Showing papers by "Lars Lundberg published in 2006"

End-User Development as Adaptive Maintenance

Abstract: The change of change applications to suit the needs of users in different places and facilitate development over time has long been a major challenge for software maintenance experts. In this chapter we take up tailoring as a means of making software flexible. Starting with two case studies— one taking up tailoring for different users and the other addressing changes over time—the article discusses problems related to both the use and development of a tailorable application. Developing tailorable software presents new challenges: how do you create a user-friendly tailoring interface? How do you decide what should be tailorable, and how do you create a software architecture that permits this? How do you ensure that the tailorable system gives acceptable performance? Our experience shows that the borders between maintenance and use become blurred since tailorability can replace maintenance by professional software engineers by tailoring by advanced users. Using our experience of the two selected cases, we identify and discuss five important issues to consider when designing and implementing tailorable systems in industrial settings.

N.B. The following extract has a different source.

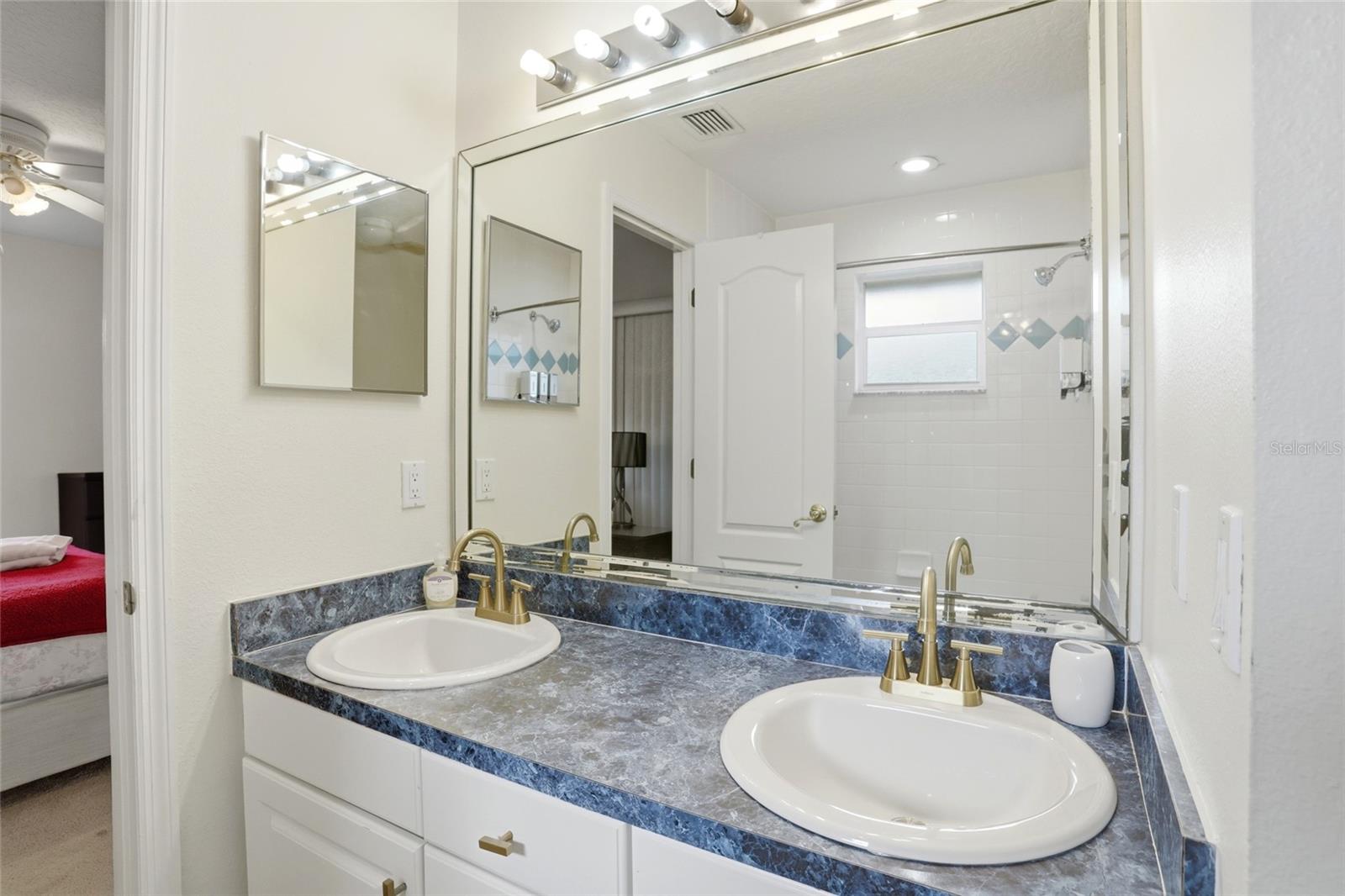 STEEPLECHASE - Residential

The increase of productivity over time : an industrial case study

Abstract: Introducing new and specialized technology is often seen as a way of meeting increasing non-functional requirements. An example of such a technology is a software platform that provides high performance and availability. The novelty of such a platform and lack of related experience and competence among the staff may affect initial development productivity. The competence problems should disappear with time. In this paper, we present a study, which we conducted at Ericsson. The purpose of the study was to assess the impact of experience and maturity on productivity in software development on the specialized platform. We quantify the impact by comparing productivity of two projects. One represents an initial development stage while the other represents a subsequent and thus more matured development stage. Both projects resulted in large commercial products. We reveal a factor of four difference in productivity. The difference was caused by a higher code delivery rate and a lower number of code lines per functionality in the latter project. We assess the impact of both these issues on productivity and explain their nature. Based on our findings, we suggest a number of improvement suggestions and guidelines for the process of introducing a new technology.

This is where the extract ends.